This is a pattern we see repeatedly when we analyze software portfolios at Software Improvement Group (SIG). Organizations invest in the visible parts of their security posture — the scanners, the policies, the compliance checkboxes. But the underlying configuration, the environment variables that have been there for years, the tokens that were never rotated, the dependencies that have never been reviewed — that is where open-source dependency risk quietly accumulates.

It is part of a broader surge in supply chain attacks in March 2026. Separate from the TeamPCP campaign we covered in our LiteLLM supply chain attack explainer, this attack is attributed by Google’s Threat Intelligence Group to UNC1069, a financially motivated North Korea-nexus threat actor active since 2018. Two different threat actors, but in the same month and using similar methods.

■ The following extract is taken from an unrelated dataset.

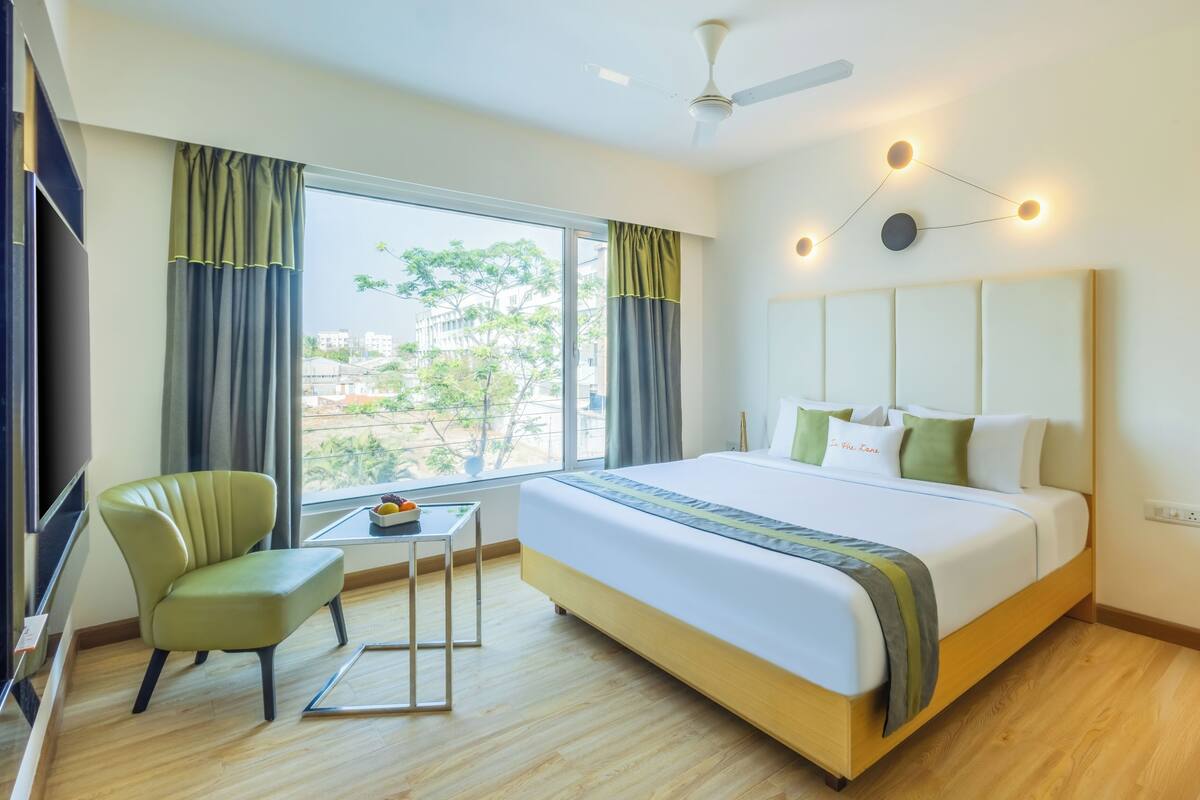 Habitación de hotel con una cama grande, una silla, una mesita y una ventana con cortinas.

The software portfolio visibility gap this attack exposed

The organizations that responded fastest to this incident already knew what was in their pipelines. They could immediately check whether the affected versions had been installed, assess what credentials might have been present, and act. The organizations without that visibility had to start from scratch, under time pressure, with credentials potentially already in attacker hands.

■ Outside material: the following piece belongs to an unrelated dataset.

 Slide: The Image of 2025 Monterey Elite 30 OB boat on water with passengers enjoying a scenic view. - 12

Software portfolios grow faster than the structures around them. Dependencies accumulate. Tokens persist. Transitive dependencies, the packages that your packages depend on, receive almost no scrutiny compared to the libraries your teams chose directly.

As the SANS Institute noted, the attack surface is your vendor’s vendor’s vendor. That is what this looks like in practice. Organizations with solid dependency pinning and a current software bill of materials (SBOM) were protected. Organizations relying on floating version ranges were not.

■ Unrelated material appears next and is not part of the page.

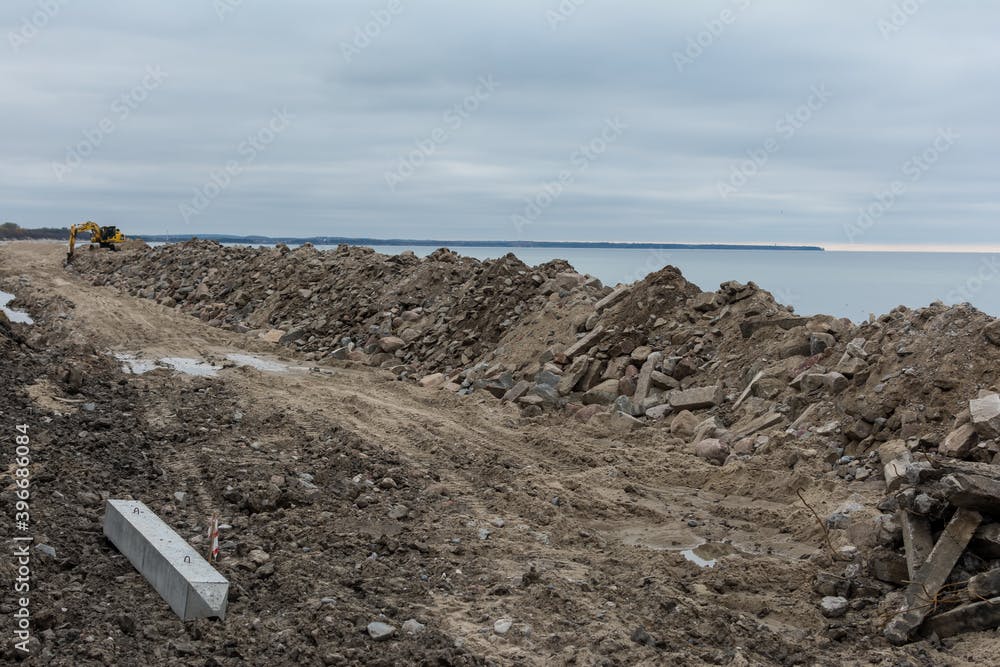 Construction debris - concrete blocks and stones dumped on seashore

When we look at portfolios in Sigrid®, open-source dependency health is one of the clearest signals of organizational risk. Organizations with fresh, well-governed dependency trees respond to incidents like this quickly. Organizations without that visibility respond in days — sometimes weeks, sometimes long after the damage is done.

What to do now if your team uses Axios

The immediate actions are concrete. If your organization runs JavaScript-based software pipelines, these checks are worth doing now.

1. Check for affected versions

Axios versions 1.14.1 and 0.30.4, installed between March 31, 2026 at 00:21 UTC and approximately 03:29 UTC, are confirmed compromised. Any system where one of those versions was installed should be treated as fully compromised.

2. Rotate exposed credentials

Assume all credentials present on affected systems during that window have been stolen. That includes cloud access keys (AWS, Azure, GCP), npm tokens, SSH keys, API tokens, and environment variables. Rotate them all. Rebuild affected environments from a known-clean state rather than attempting to clean them.

3. Audit CI/CD pipelines

Review build logs for the March 31 window. Automated pipelines that pulled a fresh npm install, particularly overnight jobs that did not pin to a specific version, are the highest-risk environments.

4. Review your dependency pinning

Projects using a caret range like ^1.14.0 would have automatically resolved to the compromised version. Pinning to exact versions, or to verified commit hashes in your lockfile, removes that exposure. Wiz’s advisory also recommends auditing lockfiles specifically for the plain-crypto-js package.